Image-text web data
-- Opening Marker --

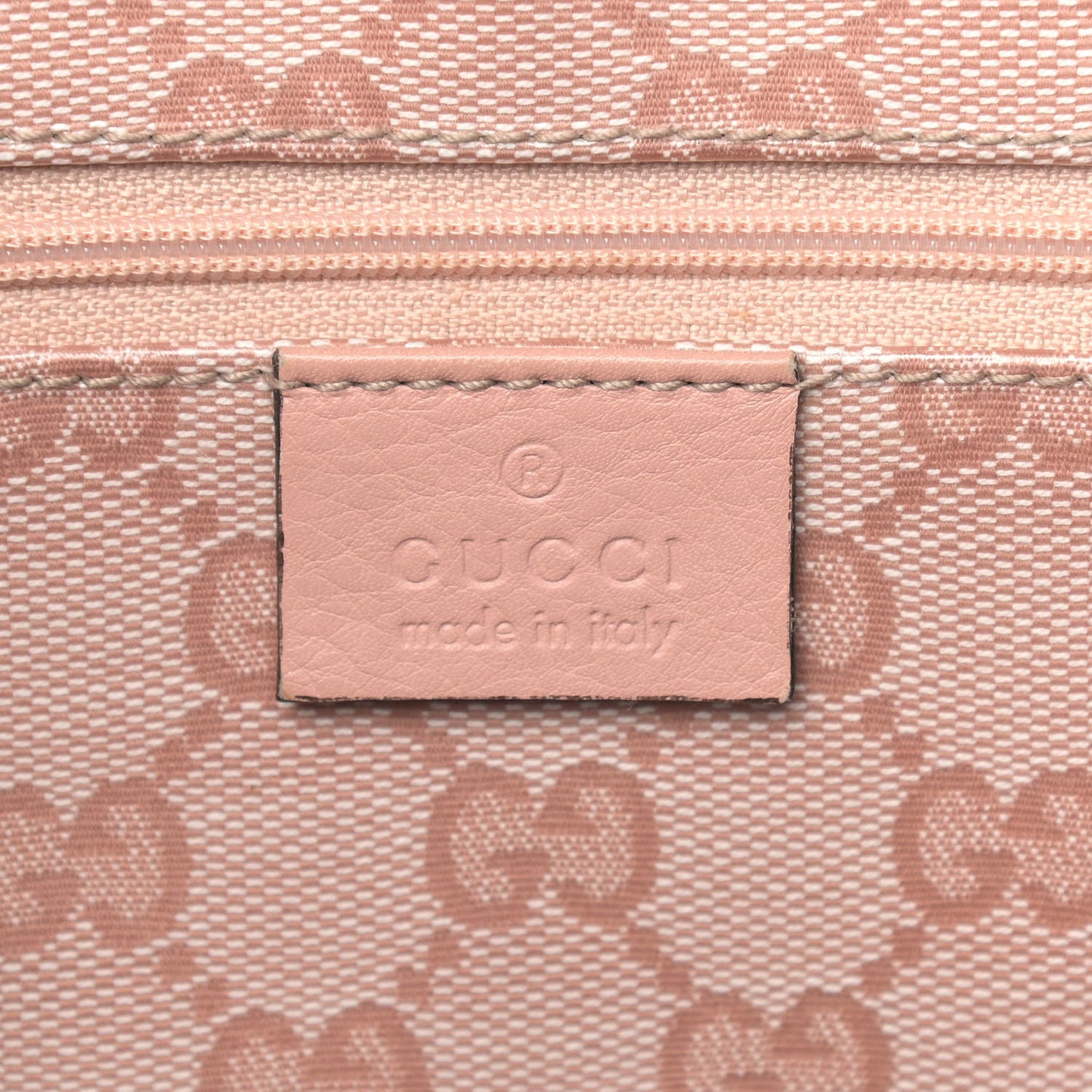 Crystal Monogram Medium Abbey Tote Blush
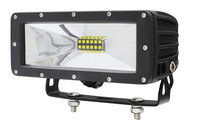 Barre lumineuse résistante du CE RoHS 12V 24V 13 pouces 120W 7 pouces 60w 5 "30W de barre lumineuse de LED d'excavatrice d'inondation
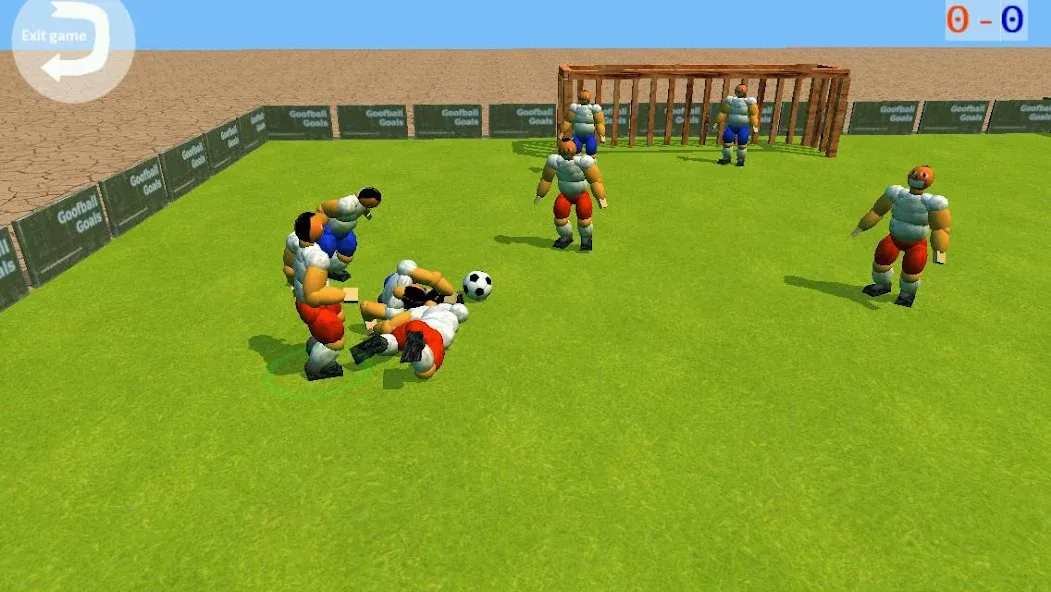 Goofball Goals Soccer Game 3D (Гуфбол Голз Соккер Гейм 3Д) [МОД: Бесконечные деньги, Монеты и Мега MOD] Screenshot 4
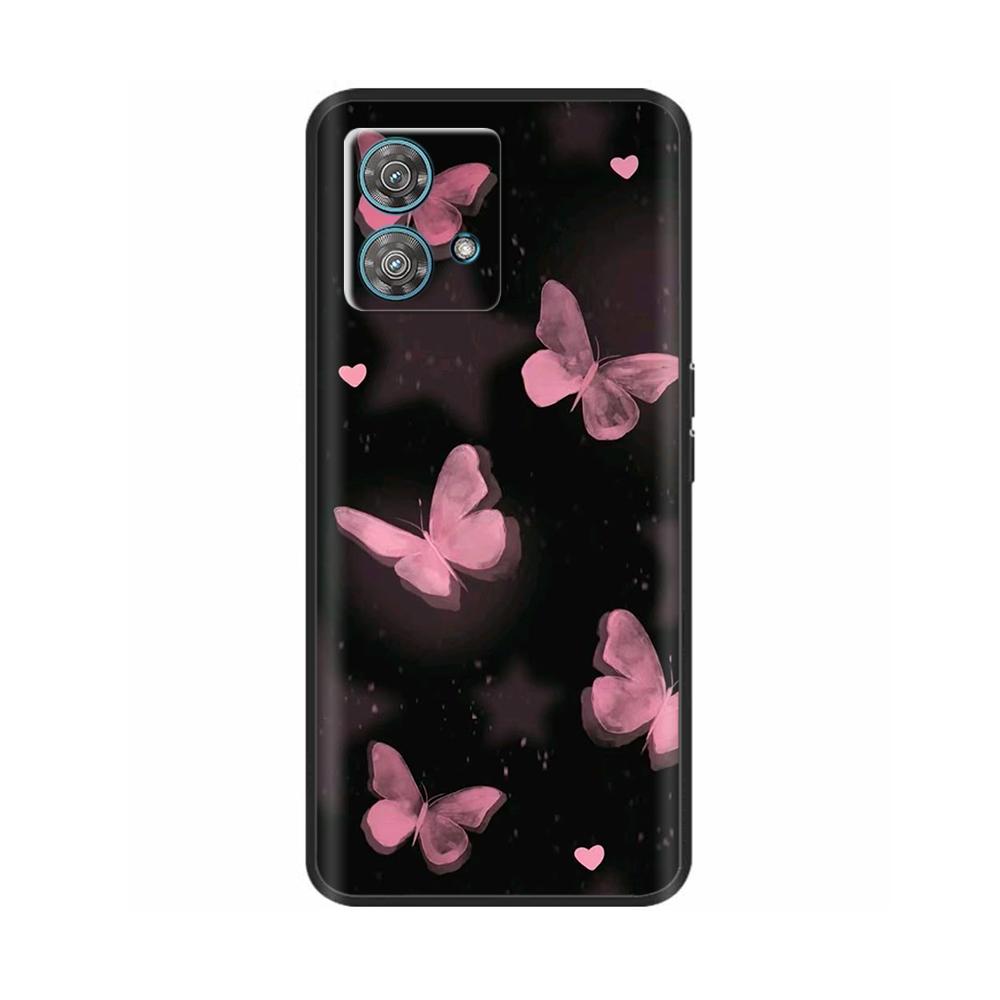 For Motorola Moto Edge 40 Neo Case Soft Silicone Flower Phone Back Cover For Motorola Edge 40 5G Cases Edge40 Neo Coque Fundas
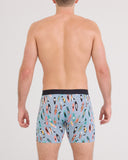 Saxx Men's Vibe Xtra Soft 6" Sup Dogs Ashley Blue Boxer Brief w/Fly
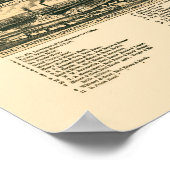 Tallapoosa, GA Panorama Karte - 1892 Poster (Ecke)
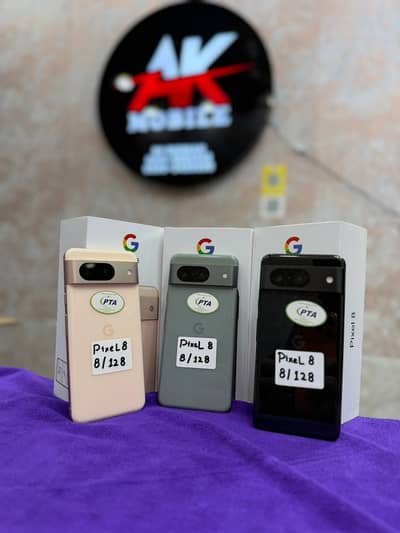 Google Pixel 8 /   8GB RAM / 128GB – Official PTA Approved
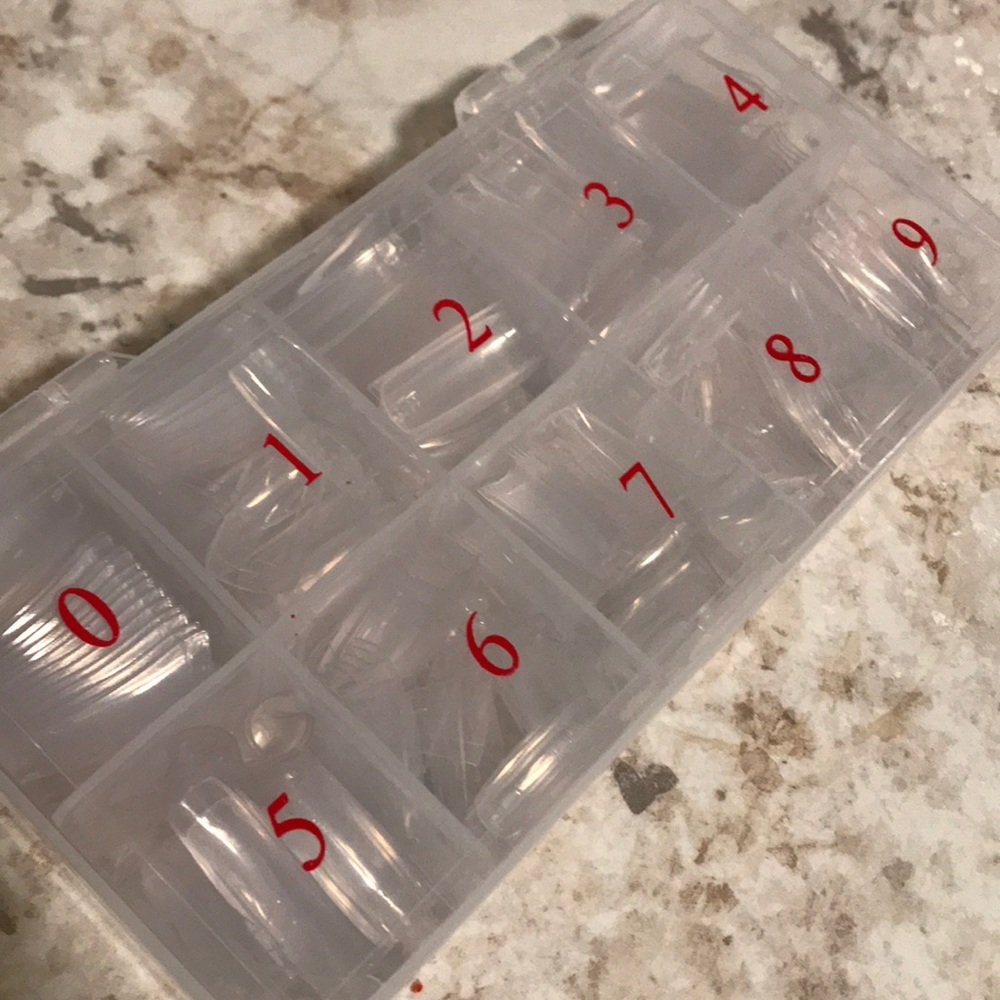 500PCS Clear Acrylic Nail Tips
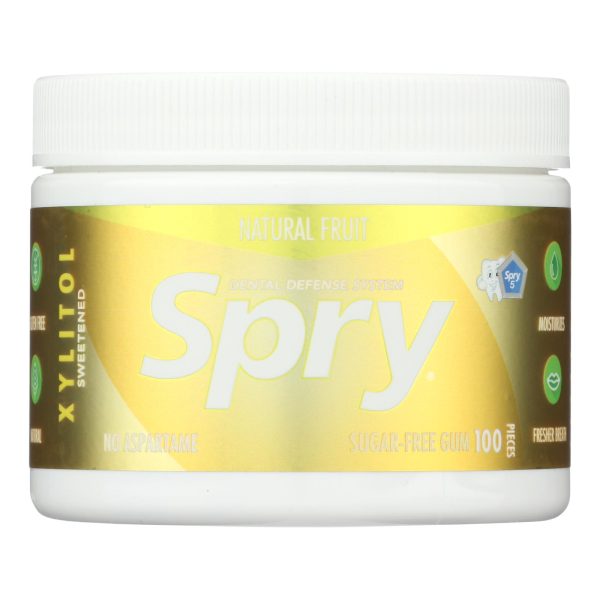 Spry Chewing Gum - Fresh Fruit - 100 Count - Image 3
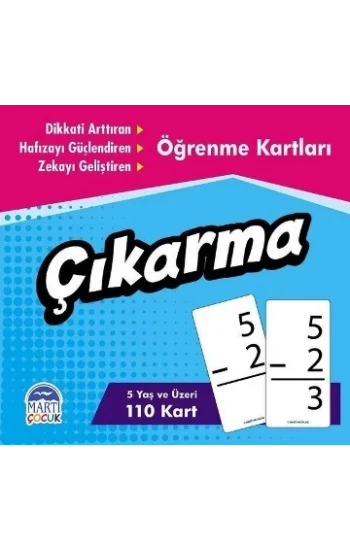 Öğrenme Kartları - Çıkarma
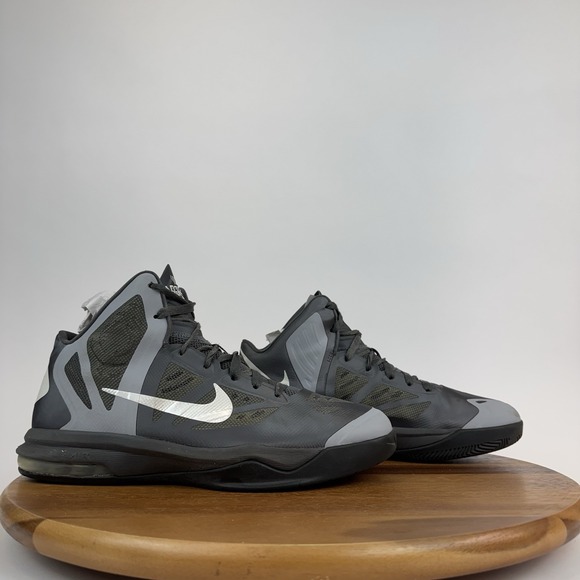 Mens Nike Air Max Hyperaggressor Gray Mid Basketball Sneakers Shoes Size 9.5 D - Picture 1 of 8
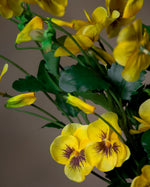 29" Pansy Silk Flower Stem Spray S4563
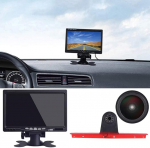 HD 1280 x 720 pikslit Transporter Van veekindel &ouml;ise vaatega tagantj&auml;rgi kaamera 3. piduritulega + 7-tolline LCD TFT monitor VW T5 bussi Multivan Caravelle 2003-2015 jaoks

-- Closing Marker --

→ Exercise
Begin at the line in the entries above that has "Saxx Men's Vibe", stop after the line that has "Öğrenme Kartları - Çıkarma", and output exactly those lines without pictures.

→ Written response
 Saxx Men's Vibe Xtra Soft 6" Sup Dogs Ashley Blue Boxer Brief w/Fly
 Tallapoosa, GA Panorama Karte - 1892 Poster (Ecke)
 Google Pixel 8 /   8GB RAM / 128GB – Official PTA Approved
 500PCS Clear Acrylic Nail Tips
 Spry Chewing Gum - Fresh Fruit - 100 Count - Image 3
 Öğrenme Kartları - Çıkarma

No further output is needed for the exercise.